= Task directions =
Whatever pictures appear, omit them, and repeat the data below exactly.
-=-=-=-=-
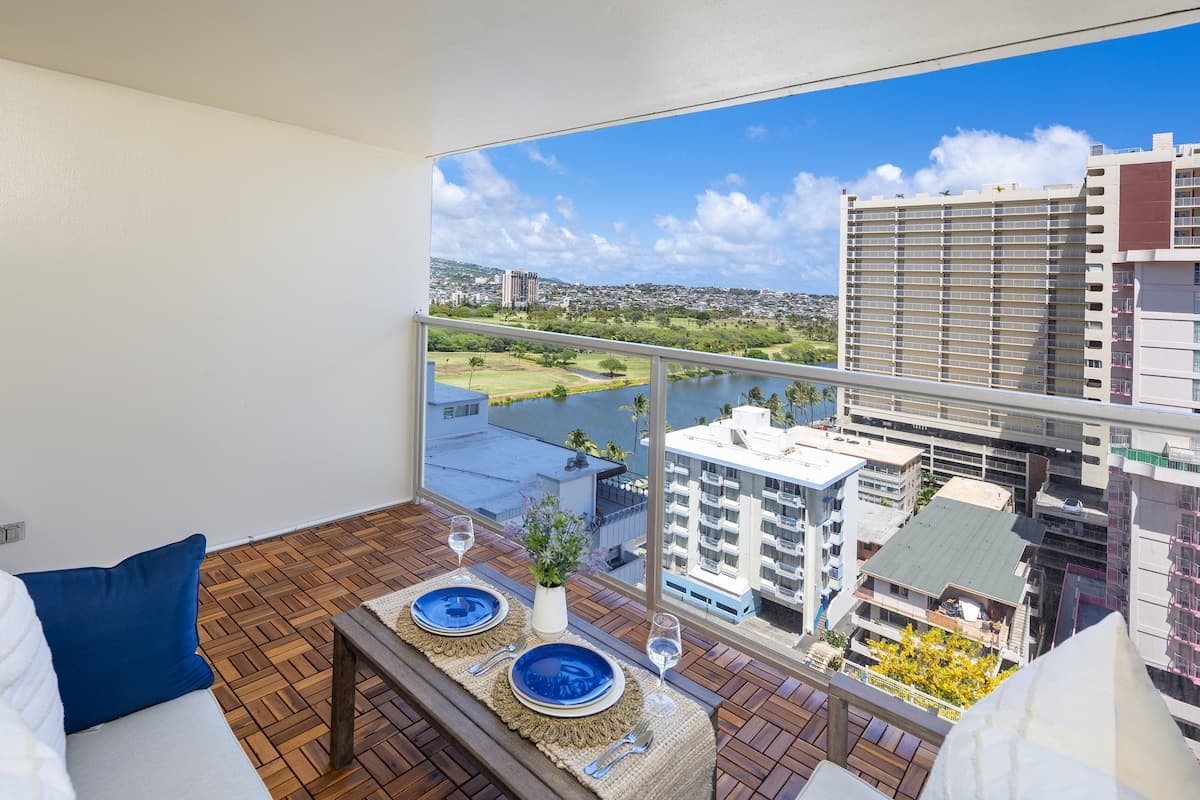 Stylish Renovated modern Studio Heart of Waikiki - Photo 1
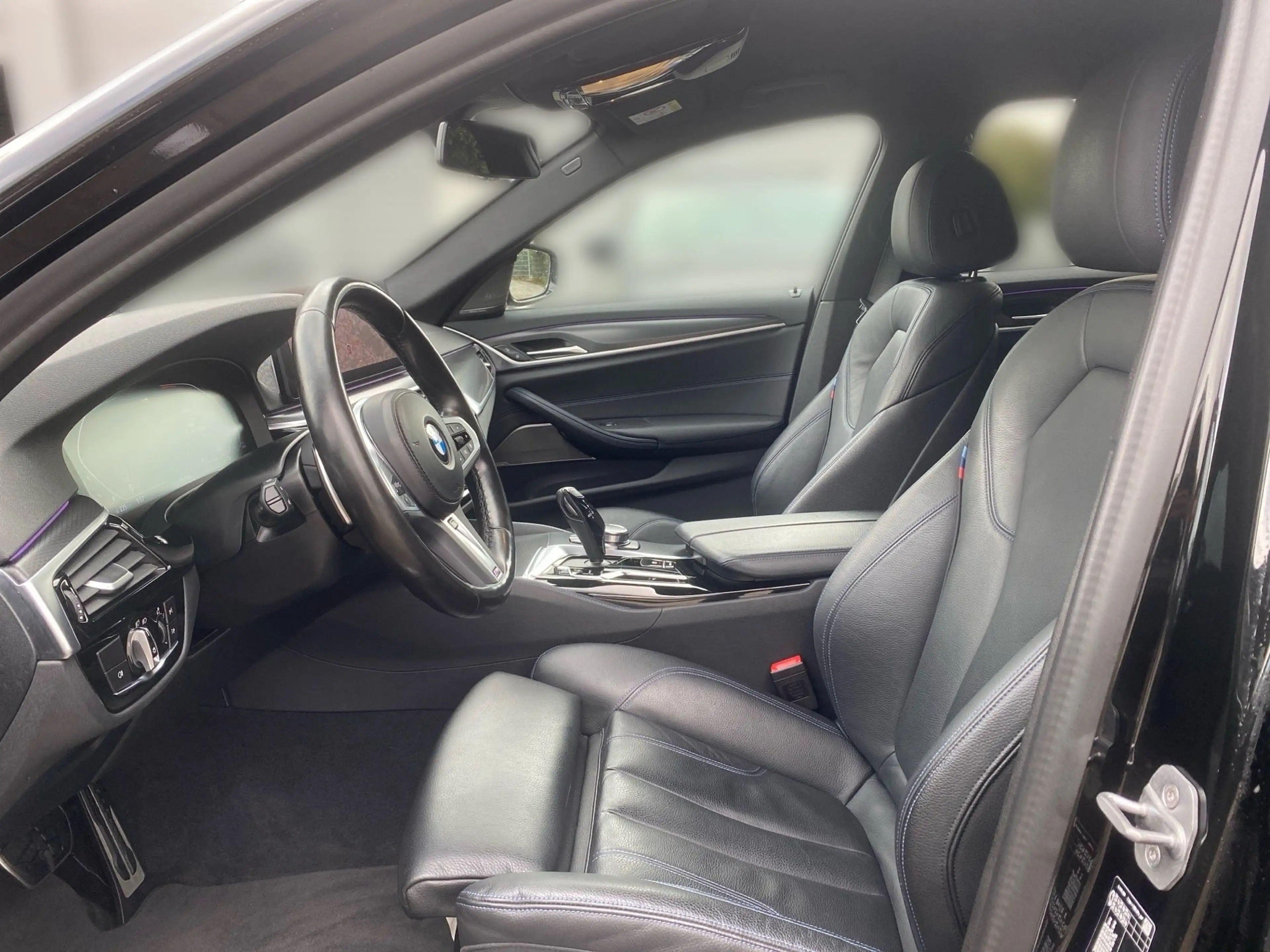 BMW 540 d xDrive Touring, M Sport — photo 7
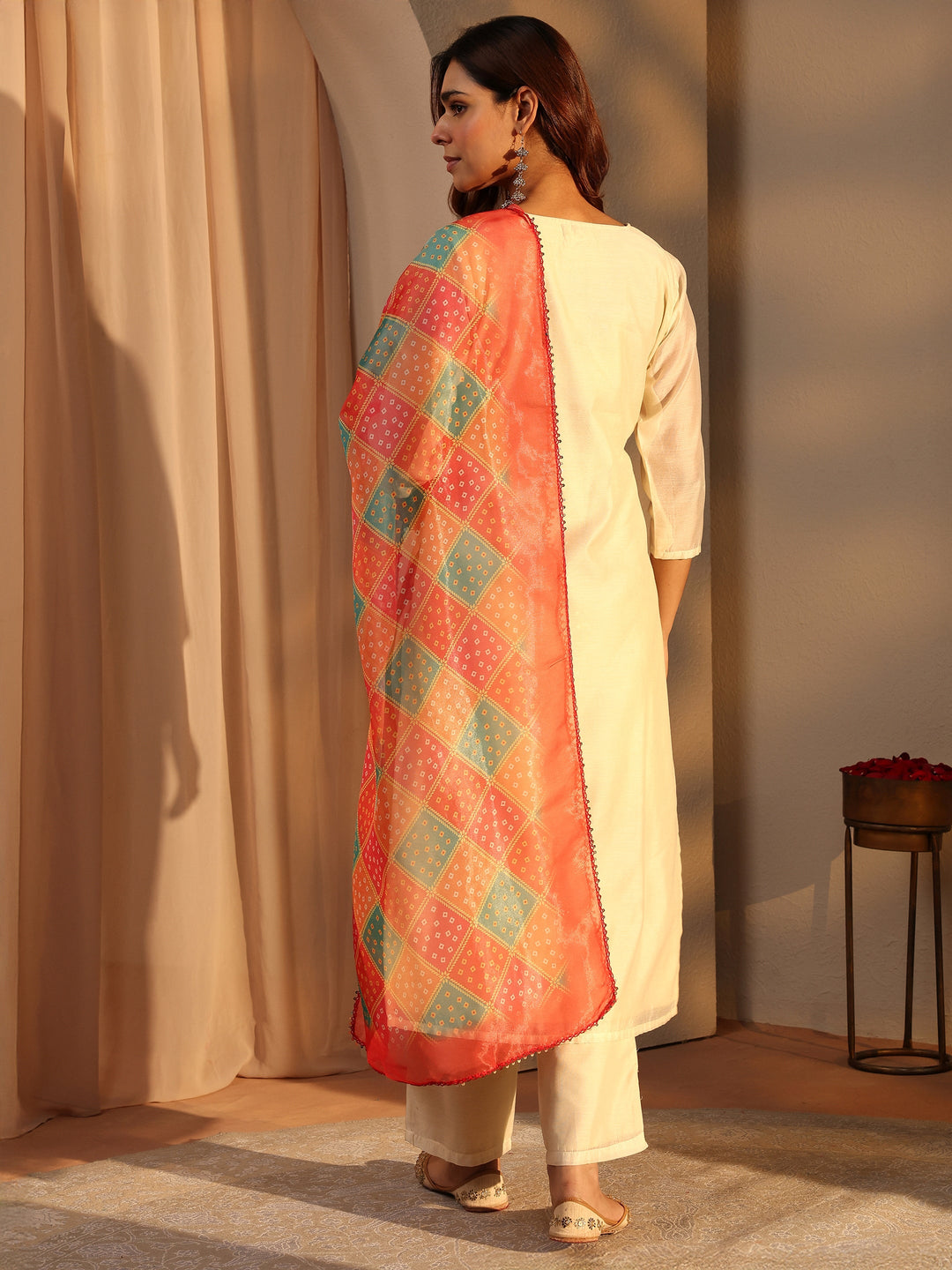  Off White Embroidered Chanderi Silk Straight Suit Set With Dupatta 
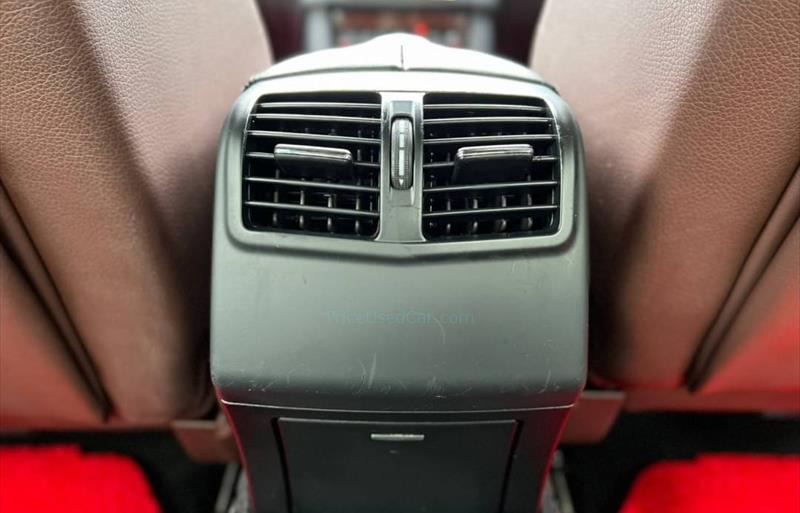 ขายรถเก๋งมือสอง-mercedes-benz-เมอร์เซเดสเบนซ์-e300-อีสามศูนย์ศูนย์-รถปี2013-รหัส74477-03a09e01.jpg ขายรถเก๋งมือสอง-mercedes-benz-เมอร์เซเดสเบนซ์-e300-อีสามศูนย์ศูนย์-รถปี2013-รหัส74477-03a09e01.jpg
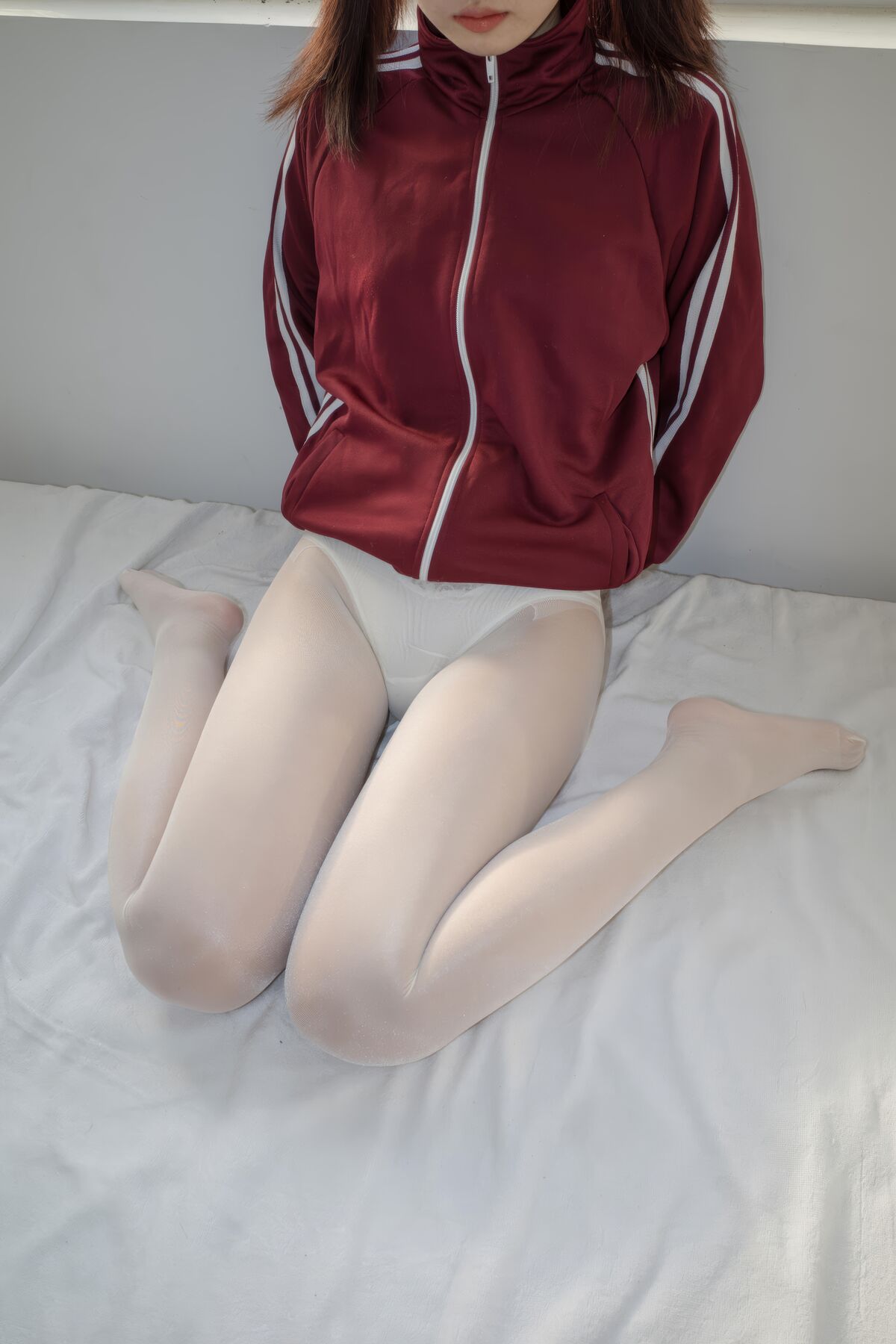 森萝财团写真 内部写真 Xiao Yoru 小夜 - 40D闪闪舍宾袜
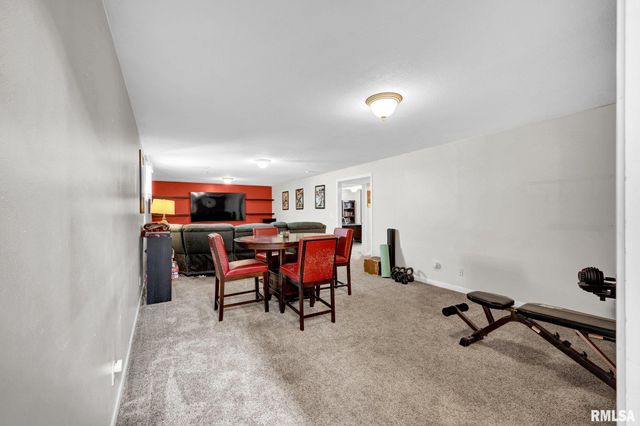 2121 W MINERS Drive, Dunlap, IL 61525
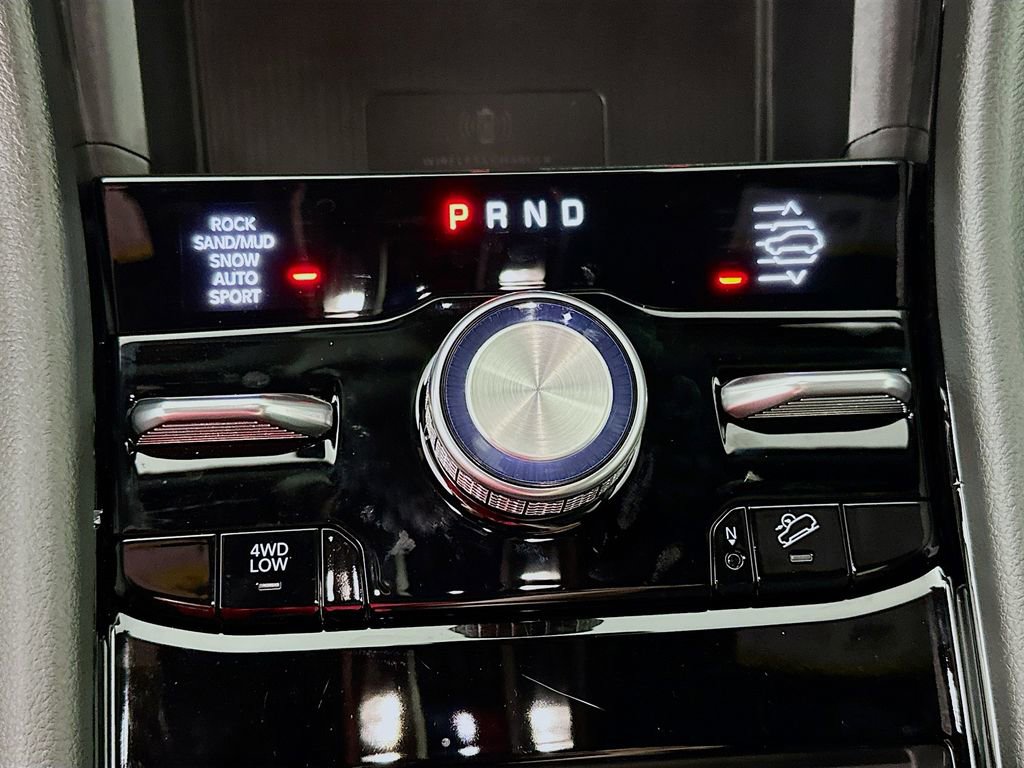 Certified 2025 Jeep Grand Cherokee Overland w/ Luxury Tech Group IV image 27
-=-=-=-=-
= Output for this task =
 Stylish Renovated modern Studio Heart of Waikiki - Photo 1
 BMW 540 d xDrive Touring, M Sport — photo 7
  Off White Embroidered Chanderi Silk Straight Suit Set With Dupatta 
 ขายรถเก๋งมือสอง-mercedes-benz-เมอร์เซเดสเบนซ์-e300-อีสามศูนย์ศูนย์-รถปี2013-รหัส74477-03a09e01.jpg ขายรถเก๋งมือสอง-mercedes-benz-เมอร์เซเดสเบนซ์-e300-อีสามศูนย์ศูนย์-รถปี2013-รหัส74477-03a09e01.jpg
 森萝财团写真 内部写真 Xiao Yoru 小夜 - 40D闪闪舍宾袜
 2121 W MINERS Drive, Dunlap, IL 61525
 Certified 2025 Jeep Grand Cherokee Overland w/ Luxury Tech Group IV image 27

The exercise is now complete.